Surrounded by a nuclear-armed Russia, China and North Korea, South Koreans live in a threatening neighborhood. Their government’s first goal should be to lessen the risks they face. By withdrawing from a three-year-old military information pact with Japan, the administration of President Moon Jae-in has done just the opposite.
The General Security of Military Information Agreement allowed the two U.S. allies to share sensitive intelligence directly and swiftly, without having to go through Washington. Losing the channel will make it harder for their militaries to monitor North Korea’s nuclear and missile programs — and, no less important, harder for the U.S. to coordinate a response in the event of a crisis. South Korea’s decision appears to have surprised and angered American officials.

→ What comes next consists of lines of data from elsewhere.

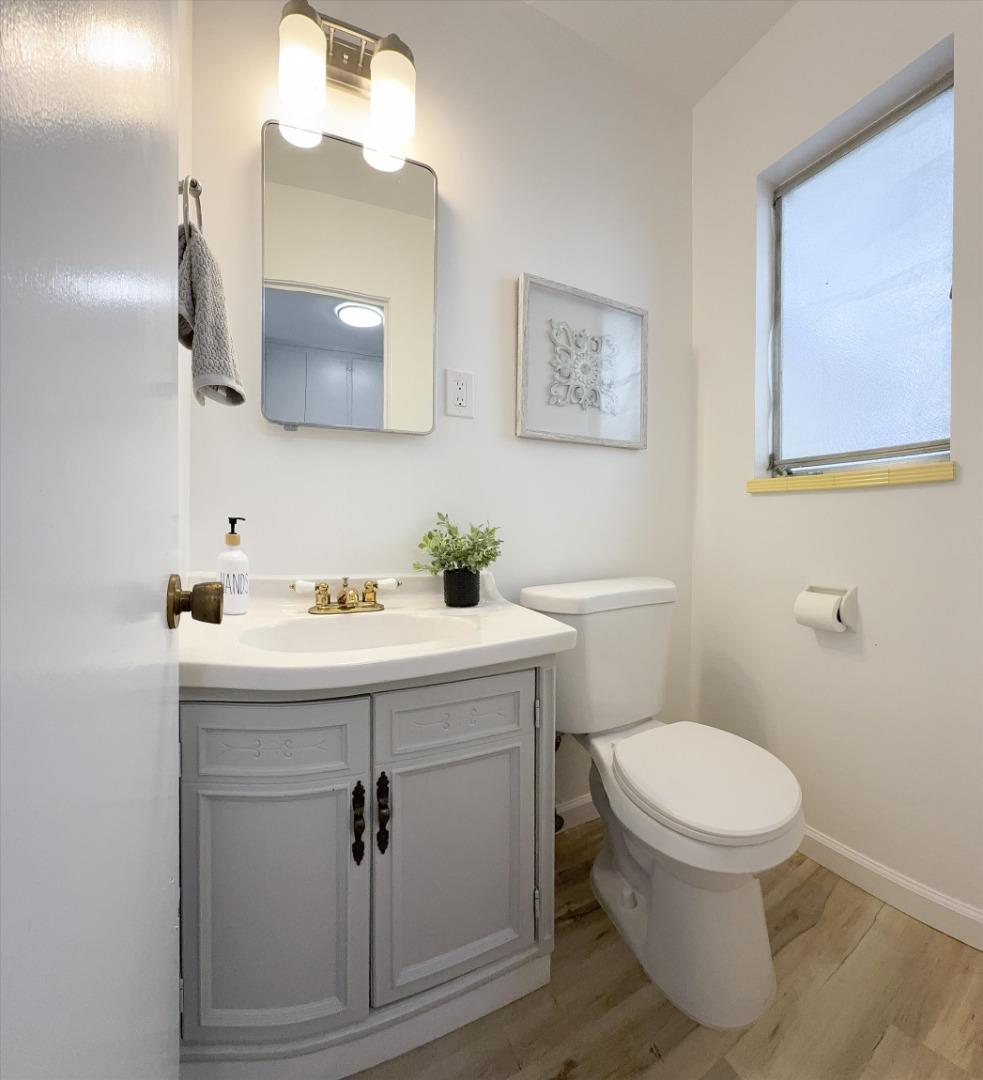 Detail Gallery Image 15 of 24 For 1196 Foothill St, Redwood City,  CA 94061 - 3 Beds | 1/1 Baths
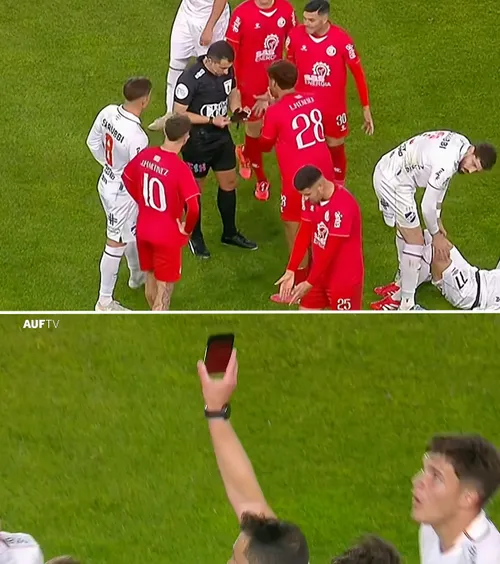 Premieră în fotbal   FOTO.  Un arbitru  a renunțat la cartonașele clasice.  Ce a folosit în schimb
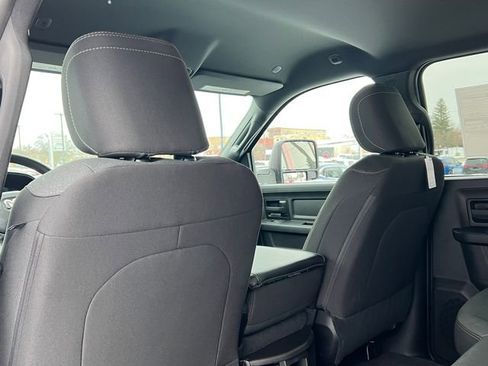 New 2026 RAM 2500 Tradesman AWD/4WD image 32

That said, South Korea should have resisted the invitation. Having imposed similar limits over exports to Japan, it could have left it at that. Moon won plaudits for saying on Aug. 15 that Korea was open to talks. By scrapping the intel-sharing pact a week later, he made that more difficult. Moreover, South Korea is the main loser. Japan has military satellites and anti-submarine capabilities that South Korea lacks, and these will be crucial as the North develops its arsenal of sea-launched ballistic missiles. In a region where Seoul needs every friend, Moon has made military cooperation with Tokyo far more difficult.
He has also damaged South Korea’s most vital relationship: its alliance with the U.S. The move ignores clear advice from Washington, and potentially endangers the 80,000 American troops stationed in Northeast Asia. The new tension strengthens both China and Russia, whose joint military activities in the region have been growing bolder. U.S. President Donald Trump had already expressed reservations about stationing American forces on the Korean Peninsula. Moon hasn’t helped on that score.
South Korea needs to reverse this decision before the pact expires in three months. Japan can help by opening talks to resolve the dispute over export controls. If those concerns are separate from the forced-labor question, as Japanese officials say, they can be resolved. But steps toward settling the historical claims are needed, too. Japan’s call for third-party arbitration is both legally sound — the 1965 normalization agreement provides for it — and politically astute. A compromise will be possible only if this issue is removed from the public arena.
The U.S. should already have intervened more forcefully. Although no compromise imposed from outside is likely to last, diplomatic pressure from Washington would at least help to get the principals talking. Let this foolish and dangerous feud drag on, and it will only get worse.